▶ **Listed entries**
- Opening Delimiter -
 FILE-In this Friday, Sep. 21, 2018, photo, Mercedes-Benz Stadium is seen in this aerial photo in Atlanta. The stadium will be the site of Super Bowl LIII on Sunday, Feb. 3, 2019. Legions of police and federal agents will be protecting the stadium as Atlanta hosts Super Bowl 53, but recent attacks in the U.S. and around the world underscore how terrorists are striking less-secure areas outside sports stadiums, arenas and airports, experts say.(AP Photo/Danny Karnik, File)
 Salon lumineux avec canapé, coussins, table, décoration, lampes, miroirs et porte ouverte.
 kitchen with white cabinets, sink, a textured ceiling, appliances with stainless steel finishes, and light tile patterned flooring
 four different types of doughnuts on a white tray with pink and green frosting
- Closing Delimiter -
- Opening Delimiter -
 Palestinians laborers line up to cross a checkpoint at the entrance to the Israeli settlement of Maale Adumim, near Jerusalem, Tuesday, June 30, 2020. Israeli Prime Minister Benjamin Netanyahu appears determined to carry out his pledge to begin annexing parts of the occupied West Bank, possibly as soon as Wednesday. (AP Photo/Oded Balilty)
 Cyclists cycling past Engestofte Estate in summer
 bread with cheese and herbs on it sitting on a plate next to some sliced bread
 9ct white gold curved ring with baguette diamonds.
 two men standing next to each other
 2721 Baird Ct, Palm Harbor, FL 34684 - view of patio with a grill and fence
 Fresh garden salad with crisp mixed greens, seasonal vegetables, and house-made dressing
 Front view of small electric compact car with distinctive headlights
- Closing Delimiter -
▶ **Problem to solve**
Looking at the entries above, can you reproduce exactly the lines from the one that holds "Salon lumineux avec" through the one that holds "four different types", and only those?

▶ **Result of this exercise**
 Salon lumineux avec canapé, coussins, table, décoration, lampes, miroirs et porte ouverte.
 kitchen with white cabinets, sink, a textured ceiling, appliances with stainless steel finishes, and light tile patterned flooring
 four different types of doughnuts on a white tray with pink and green frosting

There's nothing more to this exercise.